__Exercise instructions__: The data below holds a line containing "GUCCI グッチ 437355" and a line containing "Men's Jackets Men's"; please quote exactly those two lines and every line between them, and nothing else.
---------- Input for this task ----------
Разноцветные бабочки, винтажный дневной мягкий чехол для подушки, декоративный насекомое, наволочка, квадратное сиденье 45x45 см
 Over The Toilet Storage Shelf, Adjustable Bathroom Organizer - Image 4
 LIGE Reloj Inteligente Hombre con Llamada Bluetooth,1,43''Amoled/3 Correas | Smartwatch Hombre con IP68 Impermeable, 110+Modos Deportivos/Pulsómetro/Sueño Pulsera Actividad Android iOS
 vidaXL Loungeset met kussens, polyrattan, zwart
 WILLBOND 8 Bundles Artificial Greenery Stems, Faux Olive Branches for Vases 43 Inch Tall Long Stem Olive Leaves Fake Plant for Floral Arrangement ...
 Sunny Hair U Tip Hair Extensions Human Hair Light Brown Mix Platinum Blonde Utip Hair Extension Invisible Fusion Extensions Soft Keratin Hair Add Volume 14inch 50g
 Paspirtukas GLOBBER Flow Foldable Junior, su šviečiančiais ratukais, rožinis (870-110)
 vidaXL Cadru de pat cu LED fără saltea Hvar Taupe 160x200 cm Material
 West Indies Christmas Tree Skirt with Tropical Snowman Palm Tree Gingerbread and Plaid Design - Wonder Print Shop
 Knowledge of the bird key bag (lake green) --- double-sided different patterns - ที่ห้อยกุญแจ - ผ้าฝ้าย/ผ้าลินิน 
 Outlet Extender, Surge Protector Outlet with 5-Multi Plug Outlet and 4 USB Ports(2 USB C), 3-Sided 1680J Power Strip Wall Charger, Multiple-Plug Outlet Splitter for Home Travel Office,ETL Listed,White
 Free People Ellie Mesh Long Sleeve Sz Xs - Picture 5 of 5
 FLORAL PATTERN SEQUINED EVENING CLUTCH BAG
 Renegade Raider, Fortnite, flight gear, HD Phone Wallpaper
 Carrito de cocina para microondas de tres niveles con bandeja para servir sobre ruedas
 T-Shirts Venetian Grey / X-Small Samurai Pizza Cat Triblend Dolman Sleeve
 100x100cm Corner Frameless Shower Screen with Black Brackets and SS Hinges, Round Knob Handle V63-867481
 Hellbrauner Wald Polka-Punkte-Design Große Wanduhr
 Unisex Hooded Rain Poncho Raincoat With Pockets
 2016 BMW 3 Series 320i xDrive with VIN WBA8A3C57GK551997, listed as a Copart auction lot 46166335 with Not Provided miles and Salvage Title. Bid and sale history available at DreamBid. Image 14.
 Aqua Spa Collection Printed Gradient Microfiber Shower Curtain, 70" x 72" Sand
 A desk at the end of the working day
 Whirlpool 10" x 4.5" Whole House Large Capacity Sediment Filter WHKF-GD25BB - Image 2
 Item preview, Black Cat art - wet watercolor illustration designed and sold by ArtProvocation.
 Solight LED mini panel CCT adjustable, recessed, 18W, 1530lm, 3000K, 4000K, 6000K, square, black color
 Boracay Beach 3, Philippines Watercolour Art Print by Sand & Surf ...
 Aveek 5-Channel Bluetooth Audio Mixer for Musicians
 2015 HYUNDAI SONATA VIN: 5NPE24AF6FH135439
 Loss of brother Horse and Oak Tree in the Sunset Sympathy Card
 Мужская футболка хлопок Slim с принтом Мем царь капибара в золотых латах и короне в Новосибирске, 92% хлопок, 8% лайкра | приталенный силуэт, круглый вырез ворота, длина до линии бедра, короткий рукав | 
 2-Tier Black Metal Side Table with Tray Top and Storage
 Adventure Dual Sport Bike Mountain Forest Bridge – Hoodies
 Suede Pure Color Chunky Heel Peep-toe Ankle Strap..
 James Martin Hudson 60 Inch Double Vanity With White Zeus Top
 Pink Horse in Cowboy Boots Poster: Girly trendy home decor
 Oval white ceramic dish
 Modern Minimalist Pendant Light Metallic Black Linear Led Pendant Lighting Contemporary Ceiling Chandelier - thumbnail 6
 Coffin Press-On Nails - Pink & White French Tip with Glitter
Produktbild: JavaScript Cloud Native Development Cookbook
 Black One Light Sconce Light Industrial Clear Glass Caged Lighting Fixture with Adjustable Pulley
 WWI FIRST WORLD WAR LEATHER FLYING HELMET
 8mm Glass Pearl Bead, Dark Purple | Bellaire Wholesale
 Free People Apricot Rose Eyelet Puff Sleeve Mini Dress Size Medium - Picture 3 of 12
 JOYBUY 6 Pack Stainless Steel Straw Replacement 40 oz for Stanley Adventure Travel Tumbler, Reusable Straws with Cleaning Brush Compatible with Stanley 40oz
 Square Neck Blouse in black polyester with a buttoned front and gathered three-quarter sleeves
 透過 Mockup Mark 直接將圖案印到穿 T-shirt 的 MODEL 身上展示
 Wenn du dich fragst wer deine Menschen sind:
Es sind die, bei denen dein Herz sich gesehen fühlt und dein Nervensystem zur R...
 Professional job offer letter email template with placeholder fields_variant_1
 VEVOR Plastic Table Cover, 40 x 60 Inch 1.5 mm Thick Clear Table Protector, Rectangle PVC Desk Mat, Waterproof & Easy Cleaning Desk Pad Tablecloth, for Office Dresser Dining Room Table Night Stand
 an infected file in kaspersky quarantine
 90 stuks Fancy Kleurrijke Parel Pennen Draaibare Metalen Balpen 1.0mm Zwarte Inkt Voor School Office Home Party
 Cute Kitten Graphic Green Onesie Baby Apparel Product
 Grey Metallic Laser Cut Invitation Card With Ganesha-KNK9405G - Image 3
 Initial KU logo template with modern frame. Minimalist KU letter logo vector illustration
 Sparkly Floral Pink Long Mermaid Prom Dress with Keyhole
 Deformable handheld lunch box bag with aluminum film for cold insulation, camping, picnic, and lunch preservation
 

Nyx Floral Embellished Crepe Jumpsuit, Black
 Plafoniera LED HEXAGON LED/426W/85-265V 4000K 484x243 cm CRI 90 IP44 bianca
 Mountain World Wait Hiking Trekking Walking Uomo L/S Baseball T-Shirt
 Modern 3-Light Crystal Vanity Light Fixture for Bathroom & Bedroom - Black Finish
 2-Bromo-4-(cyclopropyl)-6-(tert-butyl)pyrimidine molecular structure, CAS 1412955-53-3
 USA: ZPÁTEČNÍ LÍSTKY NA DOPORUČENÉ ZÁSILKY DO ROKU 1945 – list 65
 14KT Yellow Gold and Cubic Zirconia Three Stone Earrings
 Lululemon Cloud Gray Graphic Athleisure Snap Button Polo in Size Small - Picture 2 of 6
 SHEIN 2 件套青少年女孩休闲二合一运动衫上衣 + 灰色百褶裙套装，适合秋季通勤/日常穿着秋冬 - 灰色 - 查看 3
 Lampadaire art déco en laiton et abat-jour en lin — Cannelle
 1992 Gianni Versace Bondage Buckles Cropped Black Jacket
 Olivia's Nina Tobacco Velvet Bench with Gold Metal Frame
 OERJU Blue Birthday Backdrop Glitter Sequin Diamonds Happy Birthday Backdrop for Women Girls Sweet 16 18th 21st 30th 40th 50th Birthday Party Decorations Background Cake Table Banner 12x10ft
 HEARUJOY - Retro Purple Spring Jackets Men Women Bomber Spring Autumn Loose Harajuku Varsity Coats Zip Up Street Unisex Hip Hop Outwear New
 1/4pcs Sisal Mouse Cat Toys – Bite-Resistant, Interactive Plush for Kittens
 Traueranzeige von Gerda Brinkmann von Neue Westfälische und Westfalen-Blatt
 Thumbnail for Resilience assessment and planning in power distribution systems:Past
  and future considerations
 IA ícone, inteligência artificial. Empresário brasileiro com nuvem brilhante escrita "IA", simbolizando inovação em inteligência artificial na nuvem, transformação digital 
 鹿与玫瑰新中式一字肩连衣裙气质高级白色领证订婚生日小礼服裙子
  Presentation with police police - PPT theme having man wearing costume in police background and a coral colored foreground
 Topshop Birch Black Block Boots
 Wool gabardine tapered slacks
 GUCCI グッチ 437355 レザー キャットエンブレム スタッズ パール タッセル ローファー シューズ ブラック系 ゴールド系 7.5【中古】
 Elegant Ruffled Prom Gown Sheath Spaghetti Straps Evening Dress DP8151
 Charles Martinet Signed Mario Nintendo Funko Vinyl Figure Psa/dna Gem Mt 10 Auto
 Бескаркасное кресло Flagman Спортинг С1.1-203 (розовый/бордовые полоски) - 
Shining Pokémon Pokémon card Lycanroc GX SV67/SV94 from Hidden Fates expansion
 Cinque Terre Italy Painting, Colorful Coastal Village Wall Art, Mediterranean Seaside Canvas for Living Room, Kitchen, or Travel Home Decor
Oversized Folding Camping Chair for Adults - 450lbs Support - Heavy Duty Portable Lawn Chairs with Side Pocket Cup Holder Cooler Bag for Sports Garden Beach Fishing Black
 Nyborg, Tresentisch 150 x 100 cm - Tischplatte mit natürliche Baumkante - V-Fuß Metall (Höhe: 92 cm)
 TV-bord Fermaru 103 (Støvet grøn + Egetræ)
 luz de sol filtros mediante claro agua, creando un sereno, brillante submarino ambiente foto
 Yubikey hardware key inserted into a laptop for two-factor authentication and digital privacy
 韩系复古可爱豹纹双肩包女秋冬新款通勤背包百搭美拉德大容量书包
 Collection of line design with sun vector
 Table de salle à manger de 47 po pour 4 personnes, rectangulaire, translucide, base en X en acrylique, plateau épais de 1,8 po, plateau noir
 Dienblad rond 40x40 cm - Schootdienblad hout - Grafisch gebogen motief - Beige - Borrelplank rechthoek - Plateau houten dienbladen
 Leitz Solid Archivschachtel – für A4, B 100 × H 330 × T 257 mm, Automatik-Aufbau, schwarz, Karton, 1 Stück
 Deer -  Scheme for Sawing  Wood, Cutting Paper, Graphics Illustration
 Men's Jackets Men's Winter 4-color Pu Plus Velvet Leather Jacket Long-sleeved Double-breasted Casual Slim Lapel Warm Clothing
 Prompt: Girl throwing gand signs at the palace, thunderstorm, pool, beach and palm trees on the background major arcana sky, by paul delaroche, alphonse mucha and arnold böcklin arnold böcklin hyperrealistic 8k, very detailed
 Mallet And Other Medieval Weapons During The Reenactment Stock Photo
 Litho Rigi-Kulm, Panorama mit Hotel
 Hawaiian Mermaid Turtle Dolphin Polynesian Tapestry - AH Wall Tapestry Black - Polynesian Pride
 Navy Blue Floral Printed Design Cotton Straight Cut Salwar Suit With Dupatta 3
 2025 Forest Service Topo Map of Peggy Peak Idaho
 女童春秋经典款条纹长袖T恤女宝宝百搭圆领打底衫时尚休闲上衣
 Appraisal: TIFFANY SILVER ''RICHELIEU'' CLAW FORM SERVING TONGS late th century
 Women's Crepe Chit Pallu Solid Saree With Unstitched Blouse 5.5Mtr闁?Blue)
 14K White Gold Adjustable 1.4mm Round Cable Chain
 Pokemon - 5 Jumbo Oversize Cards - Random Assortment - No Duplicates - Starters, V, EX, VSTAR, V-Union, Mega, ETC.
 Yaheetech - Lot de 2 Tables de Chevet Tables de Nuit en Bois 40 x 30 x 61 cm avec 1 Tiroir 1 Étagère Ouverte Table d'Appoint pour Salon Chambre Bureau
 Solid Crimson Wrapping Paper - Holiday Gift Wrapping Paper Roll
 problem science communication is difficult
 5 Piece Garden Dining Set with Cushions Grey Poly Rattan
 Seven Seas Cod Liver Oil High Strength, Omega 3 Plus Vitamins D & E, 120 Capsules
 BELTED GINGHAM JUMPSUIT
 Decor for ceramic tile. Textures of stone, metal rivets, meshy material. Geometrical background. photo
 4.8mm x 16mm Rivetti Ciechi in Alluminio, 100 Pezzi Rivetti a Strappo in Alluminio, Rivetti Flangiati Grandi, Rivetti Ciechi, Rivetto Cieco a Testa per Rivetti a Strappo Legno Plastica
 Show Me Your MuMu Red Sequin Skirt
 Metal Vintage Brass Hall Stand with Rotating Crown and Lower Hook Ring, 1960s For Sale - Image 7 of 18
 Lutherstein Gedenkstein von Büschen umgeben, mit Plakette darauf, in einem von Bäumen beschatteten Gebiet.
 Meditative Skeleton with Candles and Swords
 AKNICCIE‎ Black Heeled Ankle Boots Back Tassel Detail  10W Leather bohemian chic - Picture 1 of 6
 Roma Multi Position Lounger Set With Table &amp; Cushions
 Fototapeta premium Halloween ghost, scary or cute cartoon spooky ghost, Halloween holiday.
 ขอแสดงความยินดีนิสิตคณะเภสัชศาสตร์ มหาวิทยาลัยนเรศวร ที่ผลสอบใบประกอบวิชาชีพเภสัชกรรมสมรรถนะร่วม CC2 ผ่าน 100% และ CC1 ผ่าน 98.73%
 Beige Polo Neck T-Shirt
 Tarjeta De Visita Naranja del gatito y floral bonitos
----------
__Answer section__:
 GUCCI グッチ 437355 レザー キャットエンブレム スタッズ パール タッセル ローファー シューズ ブラック系 ゴールド系 7.5【中古】
 Elegant Ruffled Prom Gown Sheath Spaghetti Straps Evening Dress DP8151
 Charles Martinet Signed Mario Nintendo Funko Vinyl Figure Psa/dna Gem Mt 10 Auto
 Бескаркасное кресло Flagman Спортинг С1.1-203 (розовый/бордовые полоски) - 
Shining Pokémon Pokémon card Lycanroc GX SV67/SV94 from Hidden Fates expansion
 Cinque Terre Italy Painting, Colorful Coastal Village Wall Art, Mediterranean Seaside Canvas for Living Room, Kitchen, or Travel Home Decor
Oversized Folding Camping Chair for Adults - 450lbs Support - Heavy Duty Portable Lawn Chairs with Side Pocket Cup Holder Cooler Bag for Sports Garden Beach Fishing Black
 Nyborg, Tresentisch 150 x 100 cm - Tischplatte mit natürliche Baumkante - V-Fuß Metall (Höhe: 92 cm)
 TV-bord Fermaru 103 (Støvet grøn + Egetræ)
 luz de sol filtros mediante claro agua, creando un sereno, brillante submarino ambiente foto
 Yubikey hardware key inserted into a laptop for two-factor authentication and digital privacy
 韩系复古可爱豹纹双肩包女秋冬新款通勤背包百搭美拉德大容量书包
 Collection of line design with sun vector
 Table de salle à manger de 47 po pour 4 personnes, rectangulaire, translucide, base en X en acrylique, plateau épais de 1,8 po, plateau noir
 Dienblad rond 40x40 cm - Schootdienblad hout - Grafisch gebogen motief - Beige - Borrelplank rechthoek - Plateau houten dienbladen
 Leitz Solid Archivschachtel – für A4, B 100 × H 330 × T 257 mm, Automatik-Aufbau, schwarz, Karton, 1 Stück
 Deer -  Scheme for Sawing  Wood, Cutting Paper, Graphics Illustration
 Men's Jackets Men's Winter 4-color Pu Plus Velvet Leather Jacket Long-sleeved Double-breasted Casual Slim Lapel Warm Clothing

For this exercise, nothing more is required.